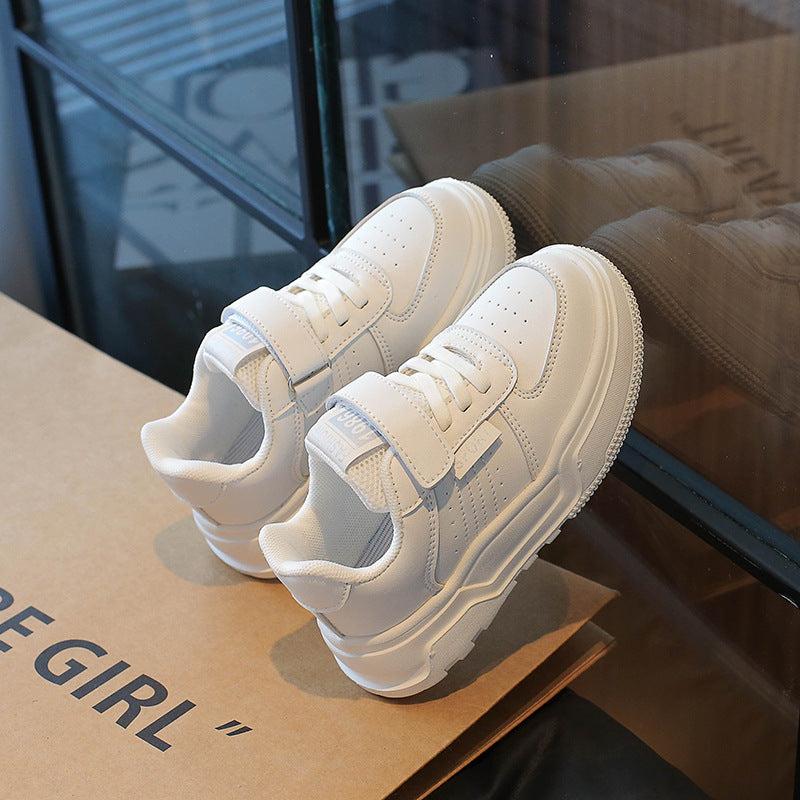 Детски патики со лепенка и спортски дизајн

...

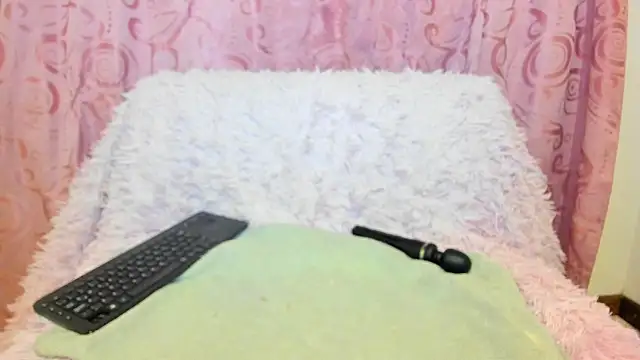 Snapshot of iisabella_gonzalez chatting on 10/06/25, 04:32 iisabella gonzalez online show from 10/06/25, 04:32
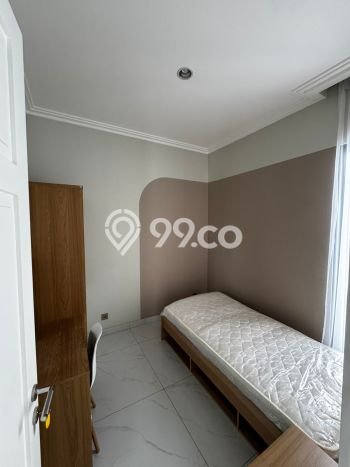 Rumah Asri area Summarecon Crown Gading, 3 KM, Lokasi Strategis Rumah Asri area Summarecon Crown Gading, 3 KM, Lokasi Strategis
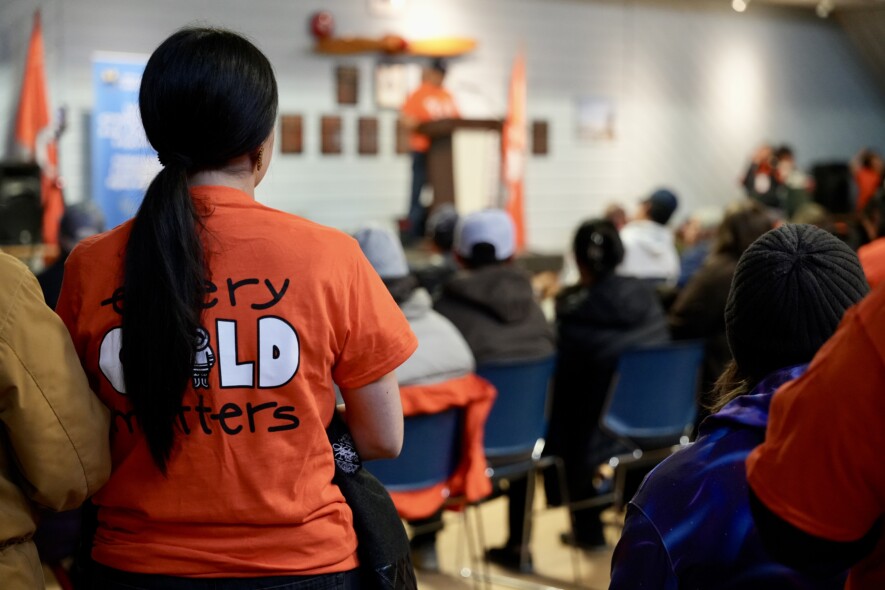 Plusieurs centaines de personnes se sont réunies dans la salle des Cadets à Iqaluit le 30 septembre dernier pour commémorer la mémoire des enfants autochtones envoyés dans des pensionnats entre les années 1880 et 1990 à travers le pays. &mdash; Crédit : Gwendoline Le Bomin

_What the task asks:_ From the records above, output only the lines starting at the one containing "Snapshot of iisabella_gonzalez" and ending at the one containing "Plusieurs centaines de", word for word. Pictures stay out.

_Answer:_
 Snapshot of iisabella_gonzalez chatting on 10/06/25, 04:32 iisabella gonzalez online show from 10/06/25, 04:32
 Rumah Asri area Summarecon Crown Gading, 3 KM, Lokasi Strategis Rumah Asri area Summarecon Crown Gading, 3 KM, Lokasi Strategis
 Plusieurs centaines de personnes se sont réunies dans la salle des Cadets à Iqaluit le 30 septembre dernier pour commémorer la mémoire des enfants autochtones envoyés dans des pensionnats entre les années 1880 et 1990 à travers le pays. &mdash; Crédit : Gwendoline Le Bomin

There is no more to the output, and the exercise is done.